Hi Arlin,

This issue is happening because there is a port collision between
dapltest server port space and host TCP stack. The port collision
happens because rdma_bind_addr is getting called from the two different
places with different port arguments from dapltest. rdma_bind_addr is
getting called from the following two places:

1. Once it is getting called from dapls_ib_setup_conn_listener function
with starting port as 45278. Based on number of threads and eps, in
subsequent call of dapls_ib_setup_conn_listener this port number will
keep getting incremented.

2. 2nd time it is getting called from dapls_ib_qp_alloc function with
port number as always 0. Now, when rdma_bind_addr gets called with port
number 0 it will allocate any free random port number.

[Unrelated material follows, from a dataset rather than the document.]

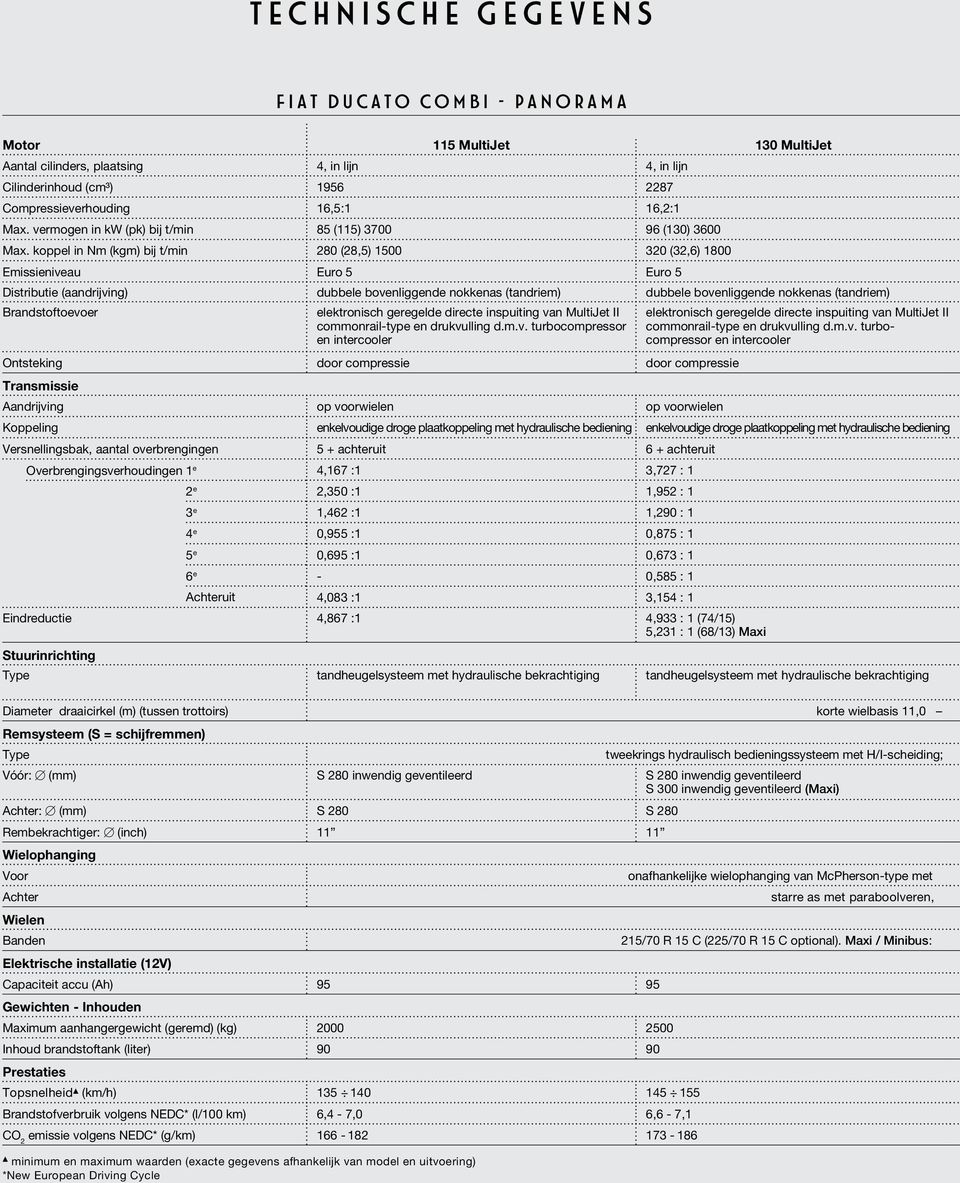 koppel in Nm (kgm) bij t/min 280 (28,5) 1500 320 (32,6) 1800 Emissieniveau Euro 5 Euro 5 Distributie (aandrijving) dubbele bovenliggende nokkenas (tandriem) dubbele bovenliggende nokkenas (tandriem)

Then when dapls_ib_setup_conn_listener calls the rdma_bind_addr with fix
port number which is already allocate via dapls_ib_qp_alloc function
rdma_bind_addr will return EADDRINUSE error, which in turn will result
in DAT_CONN_QUAL_IN_USE error.

I think solution here would be to call rdma_bind_addr from both the
location passing port number from the same port range.

Please let me know your thoughts on this.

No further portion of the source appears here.